You can hear the accent in his impending victory. The tide has changed before our very eyes.
Where we’re sitting, far from the bar and further from the toilets, the walls are closing in. There are so many people here. People as far as you can see. People as far as you can smell.
Later, a bouncer clutching a coffee will tell me he’s been turning people away. I can’t help but think of the ark, or is it the stable? (This is as I stand in the rain, shivering in my boots, but sweating through my clothes.)
We came two by two, I think, but there was no room at the inn.
Last year, I left alone. Before the snow stranded me in the wrong bed.
From the table, it all looks like some fractious, fractal puzzle. A jigsaw of limbs and drinks. Teeth and chants. Everyone screaming their opinions as if they believe their support can permeate the screen and bulls-eye directly into the ear of the player they love the most.
This is worship in a giddy, sticky floored church. Idolisation of a man wearing the same shirt as you.
Behind me, there’s a guy who’s been comatose for hours. His home game t shirt straining to hold him upright. His head slumped. His hand limply clinging to the latest pint. He’s been quiet, bar the odd burble. The drain, hidden behind his lips, must be emptying. Either that or maybe I can hear his liver praying.
His whole table is a selection box of midlife crisis flavours. The older men clinging to the younger men. The younger men trying to pretend they’re still boys. It’s mutually assured deception.
The dyed brown hair with all the colour and reality of a Hanna-Barbera cartoon. The jokes told a little too loud and proud, just to show they can be offensive once the kids aren’t underfoot.
As the drinks flow faster, wives are cursed. Jobs are dissected. Politics bobs to the surface. All the time, as they cosplay youth, they keep their big friend topped up. Their mascot. His hair so blonde he could be an action figure. His waist making me believe that maybe everyone is right, maybe I have lost weight.
Then the player on the screen scores and the celebrations accelerate to bloodthirsty in breath-taking speed. Swaying bodies are driven to unstable feet. Arms are thrown high. Drinks are thrown higher. It rains ale in some corners.
The divides being drawn on maps beyond our pub are starting to show in here. Backstops. Back peddling. Back biting. The drink has kicked the brakes off without us even noticing.
Suddenly the big lad behind me stands. No, not stands. He bolts to his feet and screams. Screams in absolute celebration. It’s a war cry. It stops the room in its tracks, for a breath or two. Before his table of painted clowns join in and the bar staff exchange worried looks. Inaction Man is inactive no more.
He turns, surveying the room. Arms aloft. Hands made into fists. A pint glass cracking under the pressure of thick fingers, blood trailing down towards a hairy armpit.
His eyes are wide and fierce. His teeth are merely crooked battlements, failing to contain the monstrous roar the world has driven out of him. He’ll feel this in the morning. We all will.
I look round, unsure.

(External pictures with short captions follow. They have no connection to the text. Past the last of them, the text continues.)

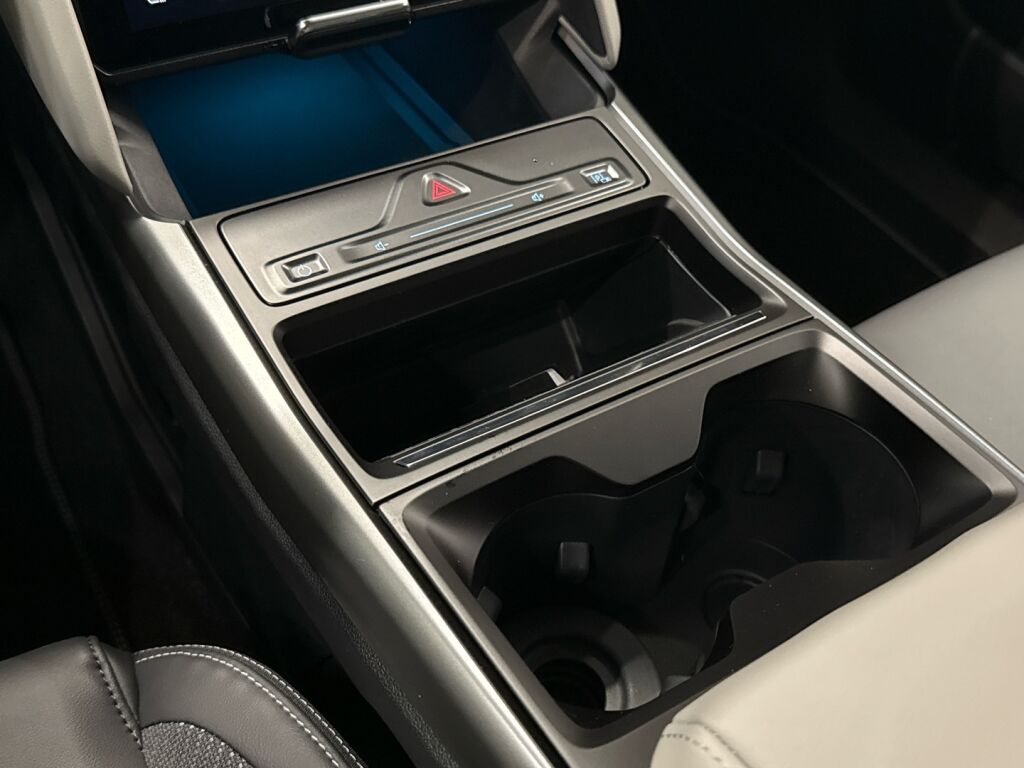 Ford Explorer 2026 Arctic Blue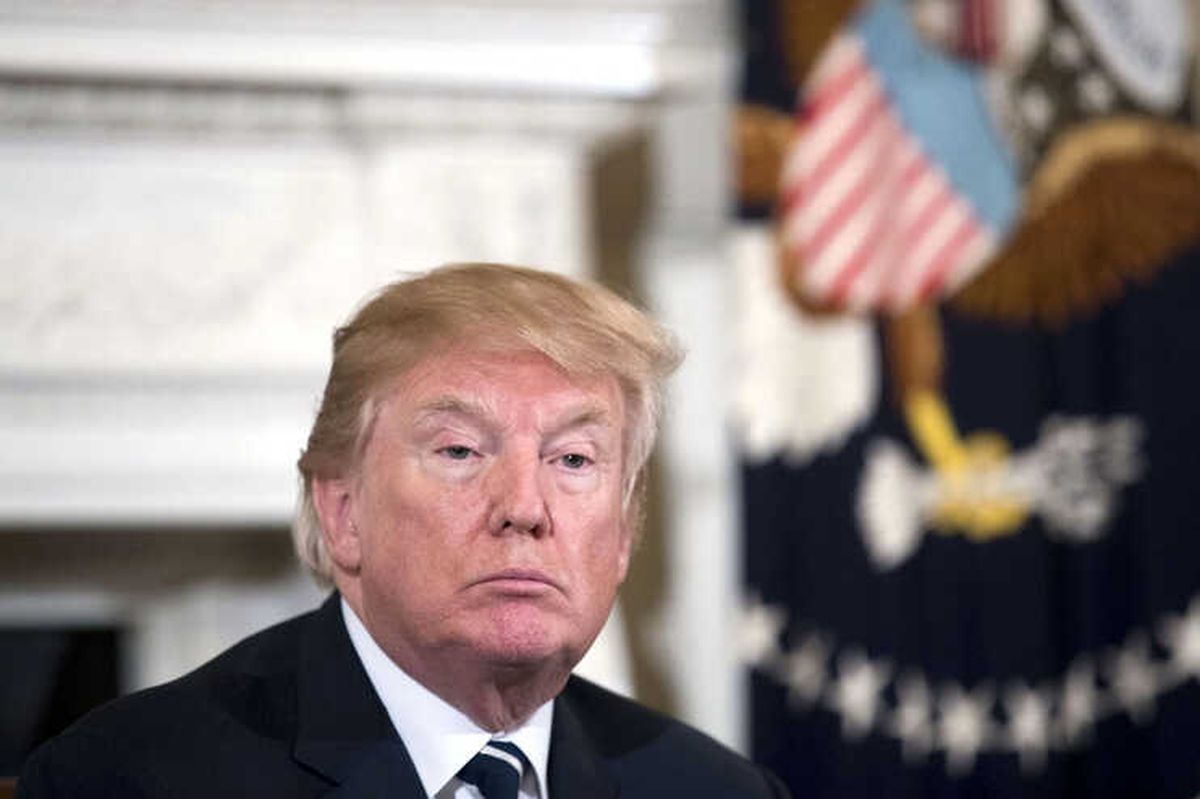 Yüksek Mahkemeden Trump\'a Darbe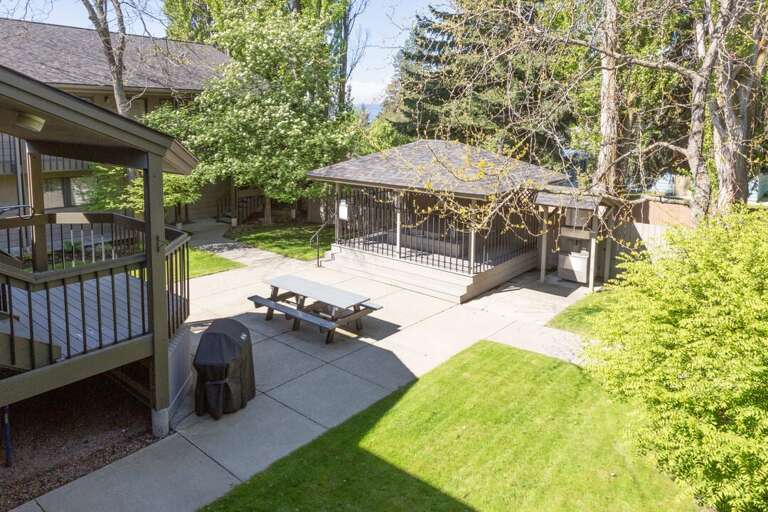 Shared hot tub. | Exterior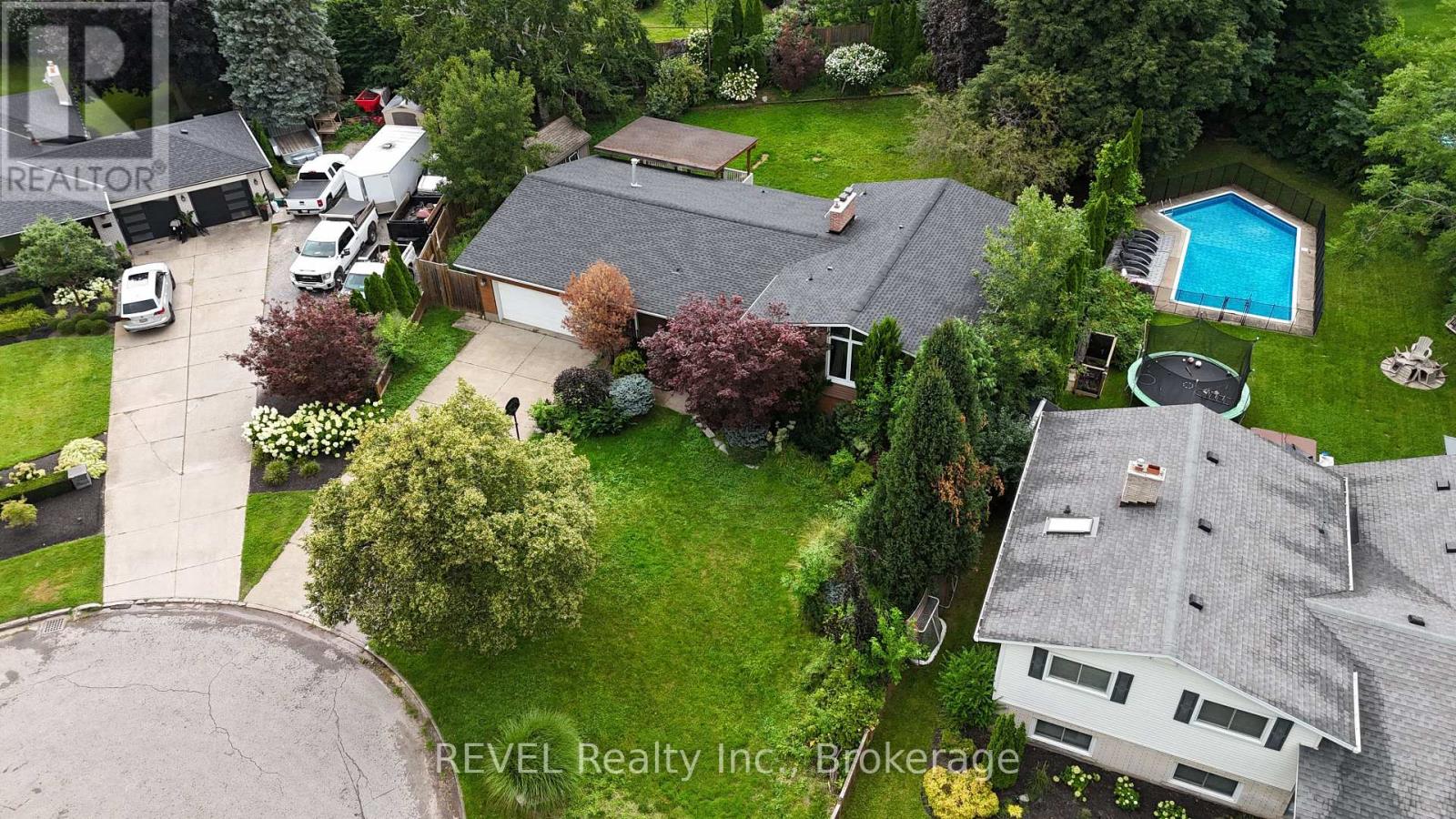 7285 Rolling Acres Crescent, Niagara Falls, Ontario  L2J 1E5 - Photo 2 - X13808746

He catches my eye and there it is. My old friend. Raging. Steering. Pushing every button. Comfortable in its new home.
The sight of it, plain as day, drives me out the side door. I push into the dark and the rain, where it can’t reach me.
I watch the rest of the match through a steamy window and hear him bellowing until we equalise. Ten long minutes later. Although I’m told he disappeared way before the final whistle. Regardless, there would be no cups or trophies for us this year.